··· INPUT DATA ···

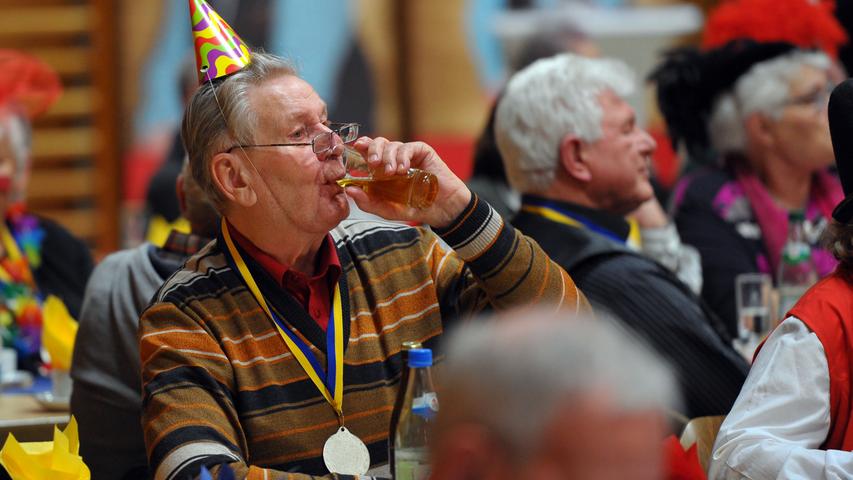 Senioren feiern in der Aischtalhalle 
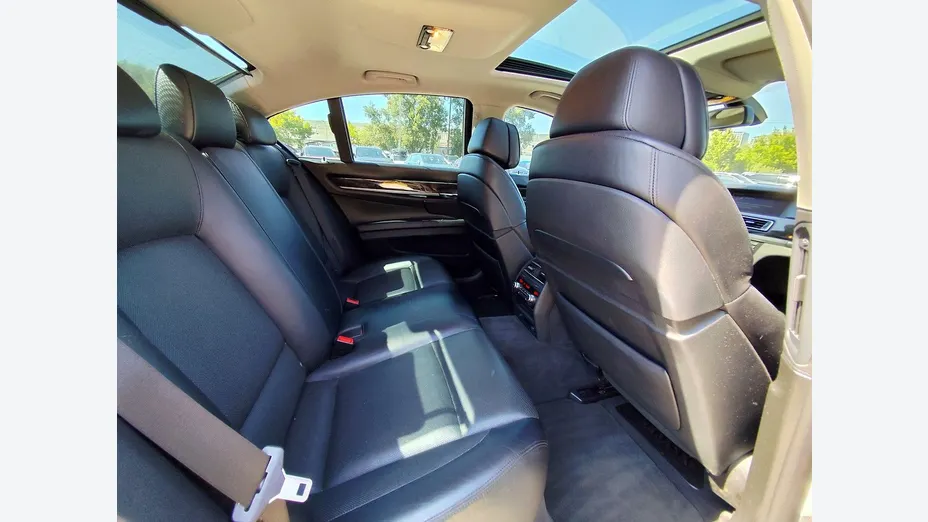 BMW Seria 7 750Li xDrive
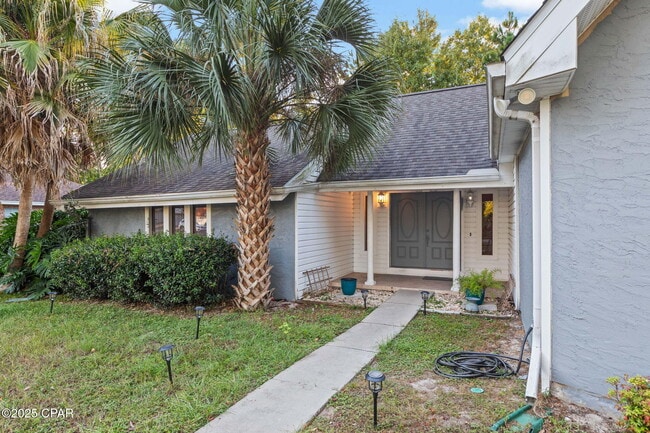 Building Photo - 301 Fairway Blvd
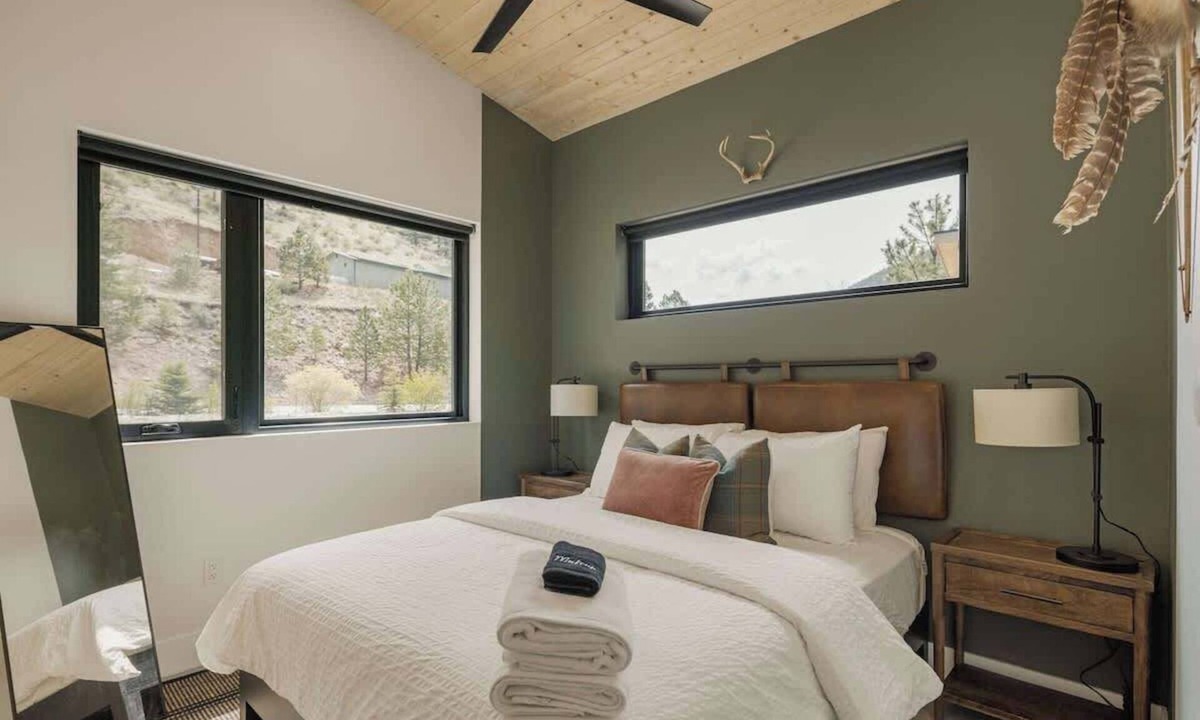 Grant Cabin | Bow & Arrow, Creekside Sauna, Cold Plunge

···

### ACTION ITEM
Print the listing again exactly, please. Keep the pictures out of it.

### WRITTEN SOLUTION
 Senioren feiern in der Aischtalhalle 
 BMW Seria 7 750Li xDrive
 Building Photo - 301 Fairway Blvd
 Grant Cabin | Bow & Arrow, Creekside Sauna, Cold Plunge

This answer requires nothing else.